The featured image shows an actual flower bud on the popular ‘Nikko Blue’ selection, taken just a few days ago. The buds emerged in mid November, only to be killed by one of our frosts. These buds should have opened next May! Those of you with these plants know how disappointing they have been these past few years. They were so gorgeous at the nursery! I did some research on the various reasons for flowering failure in this species. Breeders of these cultivars are working on improving heat tolerance, because prolonged hot weather decreases flower bud set. Another obvious need is better cold tolerance. For maximum success here in St. Louis, try to locate your bigleaf hydrangeas on an east or southeast exposure with good protection from winter winds. Shade after 1:00 PM or 2:00 PM is perfect. If you’ve got a brick or stone house, that will enhance your flowering success, because the stone will radiate heat during winter nights, increasing flower bud survival.

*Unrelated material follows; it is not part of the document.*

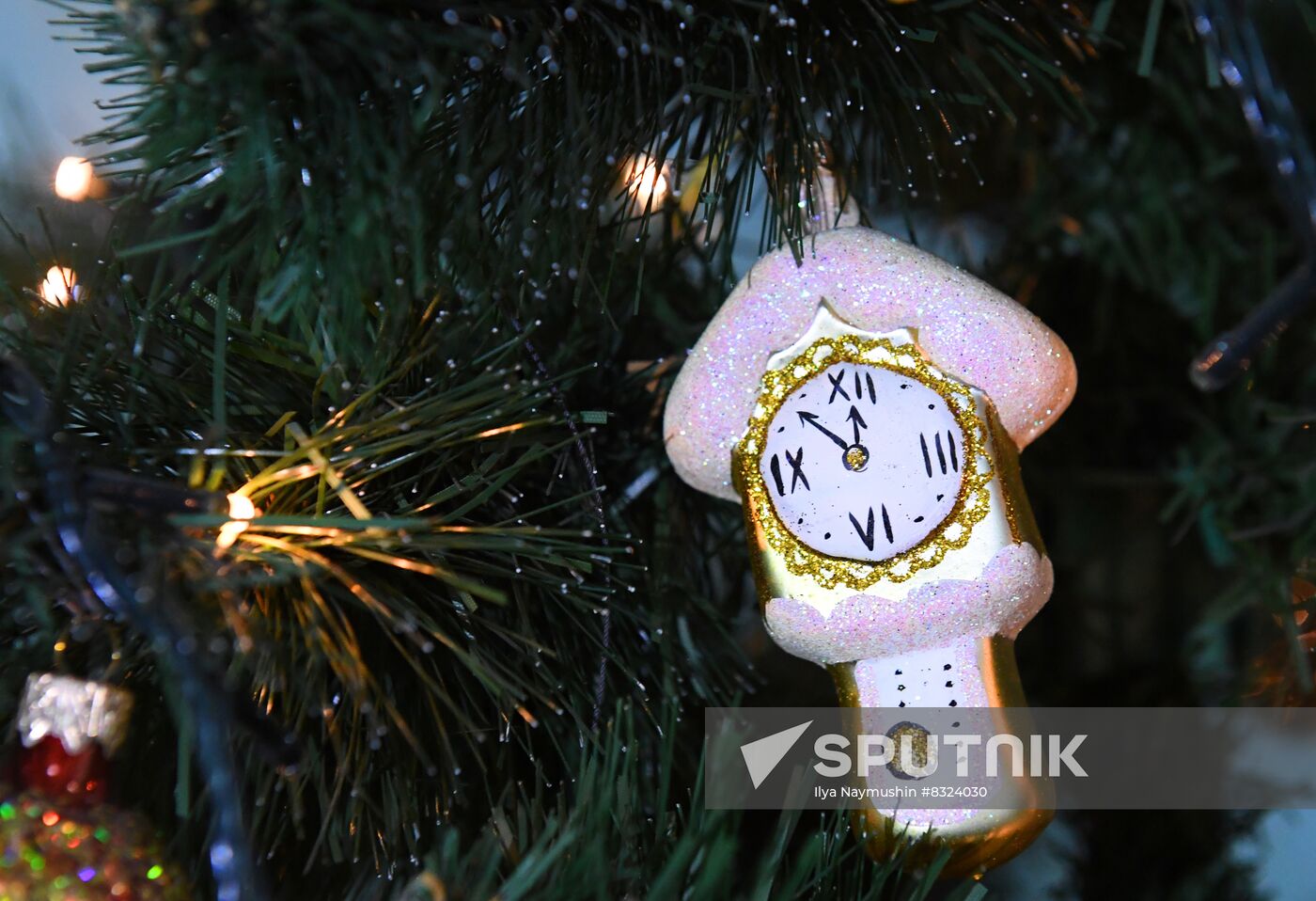 Russia New Year Season Preparations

A good friend of mine grows nursery stock and I queried him for advice, too. He recommended caging the plants and filling it with straw mulch (or any loose mulch…not leaves…not hardwood bark) by early December to protect the tender buds. That would not have helped this year, but I may try it in the future.

 

 

 

NOW is Prime Time to Plant a Flowering Crabapple

For those of you wanting a nice flowering tree for full sun exposure, the flowering crabapple is hard to beat, but ONLY if you pick out the best cultivars. There are hundreds of varieties and cultivars of the crabapple, and most of them are actually quite crappy. You read that right–crappy! The inferior selections suffer from three bad foliar diseases (rust, scab and mildew) and some are susceptible to a virtually uncontrollable bacterial disease (fireblight). Too many of them have fruit that is too large for birds to consume, resulting in nasty messes and rotten fruits all over the sidewalk, driveway and patios. Those rotten fruits draw them dang yellow jackets, too. Horrible!

Too many homeowners abuse redbuds and dogwoods by planting them in a hot, sunny location (southwest, west and northwest exposures). Dogwoods abhor hot afternoon sun (3 to 7 PM) while redbuds can handle a bit more, but they won’t thrive with intense PM sun. Instead of planting these “woodland understory” species, plant a crabapple! Some crabs stay nice and small, while others can reach 30 ft tall and wide.

Here’s what you need to do. Visit the nurseries NOW. First, look for trees that still have leaves on them. If the leaves aren’t present, assume they suffered from disease and have dropped off. The owner of the nursery may try to tell you that simple water stress/drought is the reason for a lack of leaves, but don’t buy that line of B-S. Next, look for small fruits—about the size of a pea or just slightly larger. Marble-sized fruits are too big for most songbirds to consume. Finally, inspect the base of the tree for an absence of root suckers. It’s ok to have a sucker or two on the main truck, but NOT from the roots on the top of the root ball. If necessary, try to peel back the burlap on the top of the root ball to ensure that the existing suckers were not pruned of. You can easily feel the woody stubs. Heh now, keep your mind out of the gutter! Rootstock suckers are a symptom of either graft incompatibility or an aggressive rootstock, or both. They will develop all spring and summer long, and thus, make the tree ugly and result in a lot of maintenance headaches for you.